Batch Inference for Jobs
Learn how to use the various types of batch inference uses with jobs.
Traditional batch inference is an asynchronous process that is executing predictions based on existing models and observations, and then stores the output. This batch inference is a single virtual machine job that you can run with Data Science jobs.
Typically, a workload varies, but it is bigger than a mini-batch inference and could require several hours or days to finish. This type of workload doesn't require producing near or real-time results. It can have extensive requirements on the CPU or GPU and memory required to run.
For best performance, you should use the AI and ML model directly rather than calling it over HTTP or another network. Using the model directly is especially important when you require heavy processing with large datasets. For example, processing images.
Mini Batch Inference
Mini batch inference is similar to batch inference with the difference that you can split tasks into small batches using several jobs or one job that runs several small tasks simultaneously.
Since the tasks are small and the mini batches are run regularly, they usually run only for several minutes. This type of workload is run regularly using schedulers or triggers to work on small groups of data. Mini batching helps you to incrementally load and process small parts of data or inference.
You can run mini batches against a model from the model catalog when the best performance is required or against the deployed model because usually the workloads and the data input are not heavy.

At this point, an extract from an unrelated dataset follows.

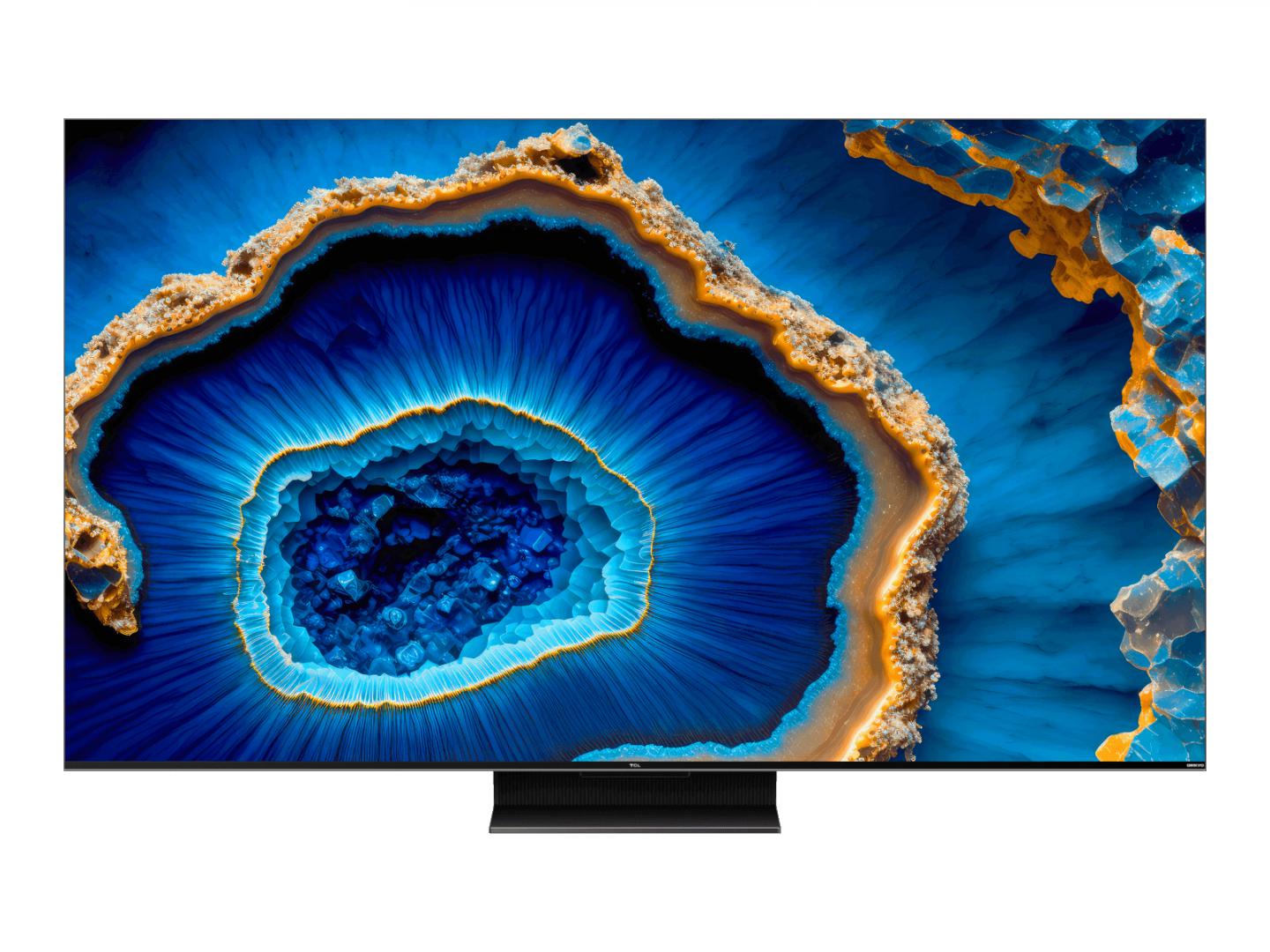 Televizor TCL 75C805, 75", UHD, MiniLED, i zi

Distributed Batch Inference
You use distributed batch inference for heavy duty jobs.
Don't confuse distributed batch inference with distributed model training because they are different. Also, it's not a model deployment type of inference because typically you want to provision and use the infrastructure only during the time of batch inference, and automatically destroy it when complete.
Distributed batch inference is required on a large dataset and heavy inference that can't be processed in a timely matter on a single VM or BM and require horizontal scaling. You can have a single or several job configurations running (1+n) job runs on various types of infrastructure and split the dataset. This type of workload provides the best performance when they work against the AI and ML model directly from the model catalog using the infrastructure memory and CPU or GPU to the maximum using jobs.
Compare Batch Inference Workloads
A high-level comparison between the different types of workloads and the corresponding batch inference types:
Batch Inference |
Mini Batch Inference |
Distributed Batch Inference |
|
---|---|---|---|
Infrastructure |
Large |
Light to medium |
Very large |
VM |
Single |
Single or multiple (at a small scale) |
Multiple |
Provisioning Speed - Required |
Medium |
Fast |
Average to slow |
Scheduler - Required |
Yes |
Yes |
Use case dependent |
Trigger - Required |
Yes |
Yes |
No |
Workloads |
Large |
Light |
Large or heavy |
Datasets Size |
Large |
Small |
Extremely large or auto-scaling |
Batch Process Time (estimate though could differ depending on use case) |
Medium to very long (usually from two digits minutes long process to days or hours) |
Short to near real-time |
Medium to very long (usually from few hours up to days) |
Model Deployment |
Not required |
Yes, but not required |
Not required |
Endpoints |
No |
No |
No |